In a recent letter to employees, interim CEO G. "Mike" Mikan said the company is determined to push forward.

"We will prove to the marketplace that Best Buy is the best at what we do -- and that will be reflected in the customer experience, our employee engagement and ultimately in the value our shareholders place in our company," Mikan wrote.

Best Buy also promised to make the public the results of its investigation, led by former U.S. Attorney for Colorado Tom Strickland and William DeLucas, who served as enforcement director for the Securities and Exchange Commission.

"The prompt launch of the ... investigation is in keeping with Best Buy's tradition of good governance, and the plans to make the findings public further demonstrate a commitment to transparency," said Greg Hitt of H&K Strategies, who is acting as a spokesman for the company.

Coming amid restructuring

The timing of the scandal, coming after the company's poor performance in recent years, raises the stakes.

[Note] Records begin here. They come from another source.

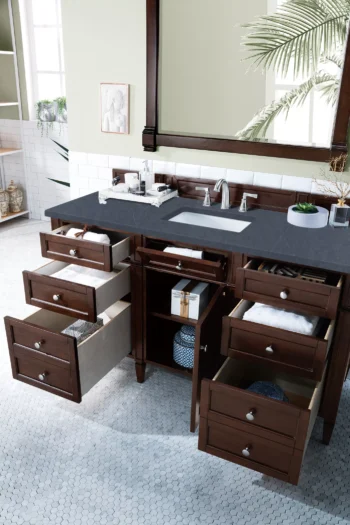 Brittany 60" Single Vanity, Burnished Mahogany w/ 3 CM Charcoal Soapstone Quartz Top - Image 4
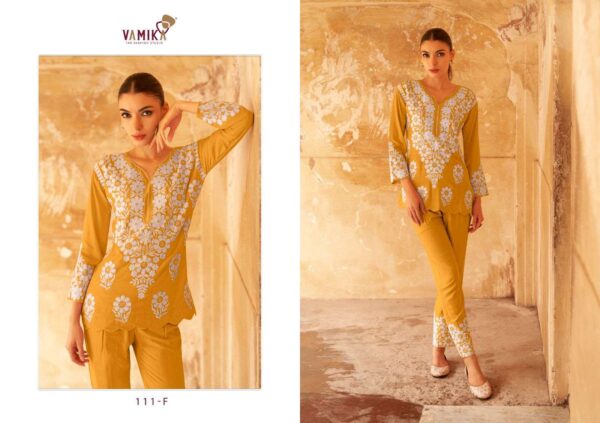vamika - veronica vol-2   vamika veronica vol 2 colors exclusive designer readymade cord set or party wear wholesale surat 2 2025 05 24 15 05 22.jpg vamika veronica vol-2 colors exclusive designer readymade cord set or party wear wholesale surat Catalogue Name : 24th May 2025 Name of Product : vamika - veronica vol-2  No of Design : 5 Piece (MOQ : 1 Set) Product Rate Per Piece : ₹ 899 / Per Piece Product Full Catalogue Rate : ₹ 4495 (GST Extra) Full Catalogue Weight : 5 KG Product Type & Size: XXL Product Details: 
					 Dear Sir/Madam
Vamika

Presents 
For This season Presenting Exclusive Super Hit Code Set  
Catalogue Name:-
VERONICA Vol-2 Gold
(5Pcs)
(D.NO.111F To 111J)

Fabrics Details:-
Top:- Hevy REYON With squeans Work 
PANT :- Hevy REYON 

Size- ONLY XXL-44

Des.Total:-5Pcs

Rate:-899/-GST EXTRA)

White Thread  all design
Dispatch:-Next Week

Hurry Up Book your Order Now

 Thanks For Your Kind Support 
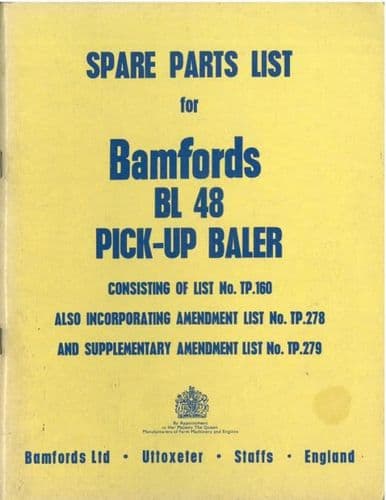 Bamfords Baler BL48 Parts Manual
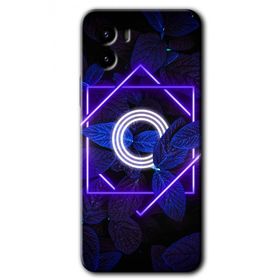 Vivo Y15S Dark Neon Yaprak O Harfi Baskılı Uyumlu Silikon Kılıf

Best Buy is embarking on restructuring to better compete with online competitors such as Amazon.com. The consumer electronics retailer has seen its stock price drop 41 percent over the past three years as store sales have declined.

Despite the company's poor financial performance, the board of directors continued to support Dunn, who was considered the handpicked protégé of founder Richard Schulze. Many investors and analysts say the board was too complacent about Dunn's performance for too long, then watched him depart in an embarrassing episode.

As a result, Best Buy's board has a credibility problem with the investment community, said Mike Pachter, an analyst with Wedbush Securities, based in Los Angeles.

"Are [the board of directors] doing their jobs to maximize shareholder value?" Pachter said.

Investors also are troubled by the timing of Dunn's resignation, analysts say, which came just 13 days after Dunn was presented as the leader of the company's ambitious restructuring plan to cut $800 million in expenses over three years. Best Buy didn't mention it was investigating Dunn's personal conduct when it announced his departure Tuesday morning. Hours later, the company acknowledged the probe, after it was confronted about its existence.

Unhappy with uncertainty

The lack of disclosure creates a lack of trust and uncertainty, analysts say.

"Wall Street always hates uncertainty," said Jeremy Brunelli, an analyst with Consumer Edge Research in Stamford, Conn.

If any misdeeds are limited to Dunn, then the impact will fall on Dunn rather than on Best Buy, Spieckerman said. But if the investigation determines he frequently used company funds in the pursuit of an inappropriate relationship, then "heads will have to roll," she added.

Given the prominent investigatory backgrounds of the two attorneys leading the probe, legal observers say it will inevitably focus on the board members, since they supervised the ex-CEO.

If the board of directors knew about any indiscretions on Dunn's part and failed to take decisive action, they could be in trouble, especially if Dunn's actions threatened the company's financial health, said Thomas Bakewell, a St. Louis-based lawyer and consultant who specializes in corporate governance. The consequences could include lawsuits and the loss of insurance coverage, he said.

Former Best Buy CEO Brad Anderson, who spent several years as a director, said the board would not have ignored any allegations brought against Dunn. "They would act very quickly, very aggressively on such an extremely sensitive issue," he said.

Anderson added that if the board failed to do its duty, "It would look terrible."